CLI Alternative (MNT-B):
repository SFTP_DR restore ise-ops ise_ops_YYYY-MM-DD_HHMM repository SFTP_DR encryption-key <ENC_KEY>
Validate:
- Operations → Reports → Authentications → historic data present.
- Operations → RADIUS → Live Logs → new logs appear after PSNs join.
[Screenshot: Reports populated]
Phase 4 — Stand Up PSNs in DR and Reattach Access Network
4.1 Deploy PSN-B1/B2 VMs (same version/patch)
CLI (each PSN):
show version show ntp ; show dns
4.2 Register PSNs to PAN-B
GUI (PAN-B): Deployment → Register Node
→ add PSN-B1/B2 with Policy Service persona.
[Screenshot: Register PSN-B1/B2]

Validate (CLI on PSN):
show application status ise
Processes running; Replication In Sync later.
4.3 Certificates for PSNs (EAP/Portal as needed)
GUI: Import/install EAP/Portal certs on PSNs (CN/SAN must match LB VIP FQDN strategy if SSL offload not used).
[Screenshot: PSN System Certificates]
4.4 Load Balancer in DR (F5/Citrix)
- Pools: PSN-B1/B2 members for 1812/1813/443
- Monitors: RADIUS/HTTPS
- Persistence: Source-IP (RADIUS) / Cookie (HTTPS)
- VIPs:
rad-vip.dr.corp:1812/1813
,portal-vip.dr.corp:443
[Screenshot: LB Pools/VIPs Up]
LB CLI quick checks
- F5:
tmsh show ltm pool tmsh show ltm virtual
- Citrix:
show lb vserver show serviceGroup
4.5 DNS/GSLB swing (or device re-point)
- Preferred: Update DNS records (short TTL) so NADs/WLC/VPN resolve VIP FQDN to DR VIP IPs.
- Fallback: Change NAD RADIUS server IPs to DR VIPs.
Validate (NAD CLI):
ping rad-vip.dr.corp
Phase 5 — End-to-End Authentication & Services Validation (Critical)
Run all tests; record timestamps; compare to baseline.
5.1 Wired 802.1X (EAP-TLS)
Switch CLI:
test aaa group radius <user> <pass> legacy show authentication sessions interface Gi1/0/10 details show radius statistics
ISE GUI: Live Logs → Access-Accept on PSN-B via RADIUS VIP.
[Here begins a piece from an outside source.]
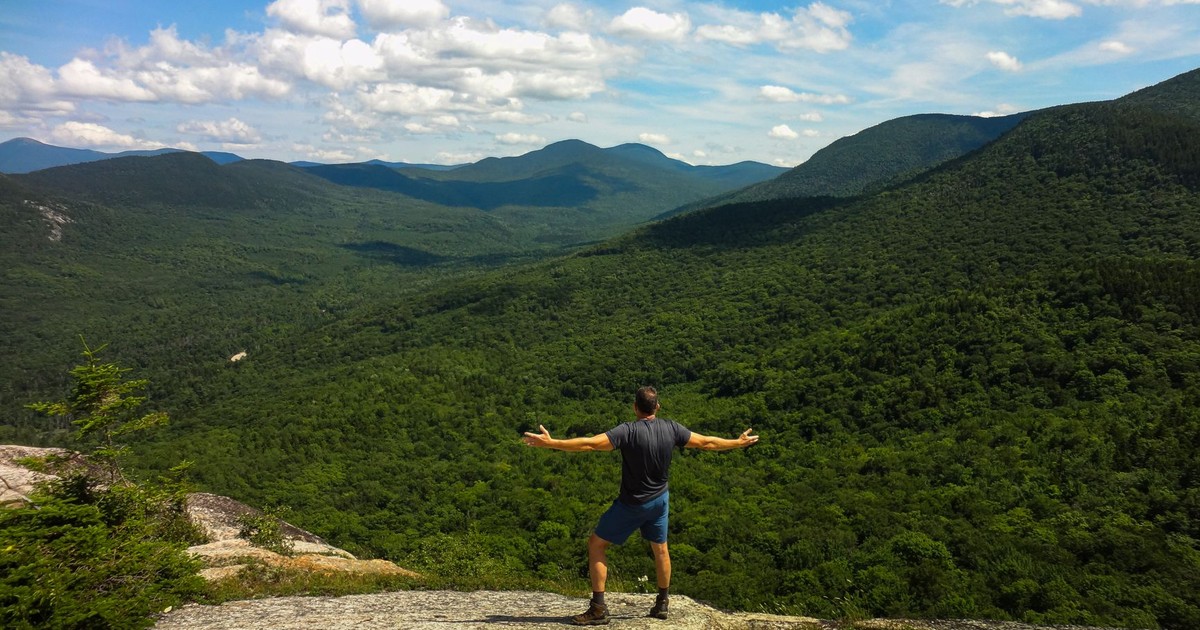 Hiker embracing nature on a rocky cliff, overlooking lush valleys in White Mountains, NH.
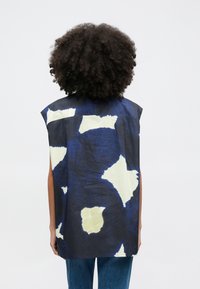 Ujjatlan top sötétkék anyagból, szabálytalan krémszínű mintákkal; egyenes vágású, látható oldalzsebekkel a kényelmesebb illeszkedésért.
[Screenshot: Live Logs Wired]
5.2 Wireless (PEAP/EAP-TLS) via WLC 9800 + CWA redirect
WLC CLI:
show radius summary show client mac <mac>
Portal: Browse https://portal-vip.dr.corp/guestportal
→ no cert warnings; login succeeds.
[Screenshot: Guest Portal Landing → Success]
5.3 VPN (ASA/FTD) AAA
ASA/FTD CLI:
test aaa-server authentication <server-group> host <VIP-IP> username <u> password <p>
ISE GUI: Live Logs show VPN device as NAD; Accept.
[Screenshot: Live Logs VPN]
5.4 CoA / DACL Enforcement
Trigger a rule causing CoA Reauth.
Switch CLI:
debug radius show ip access-lists <dacl-name>
Validate: CoA packets source from PSN-B IPs (not LB); DACL applied.
5.5 Accounting Integrity
ISE GUI: Accounting Logs show Start → Interim → Stop continuity; NAS-Session-ID consistent.
SIEM: Receives MnT syslog stream.
[Screenshot: Accounting Sequence]
5.6 Profiling & Posture
- AnyConnect posture flow completes; compliance changes hit correct authz results.
- ISE GUI: Posture Dashboard updates; Profiler sees DHCP/CDP/HTTP probes.
[Screenshot: Posture / Profiler]
Phase 6 — Acceptance, Metrics, and Evidence Closure
6.1 Acceptance Criteria (tick all)
- RTO ≤ target (e.g., ≤ 60 min to stable authentications)
- RPO ≤ target (e.g., ≤ 15 min config; ≤ 60 min ops data)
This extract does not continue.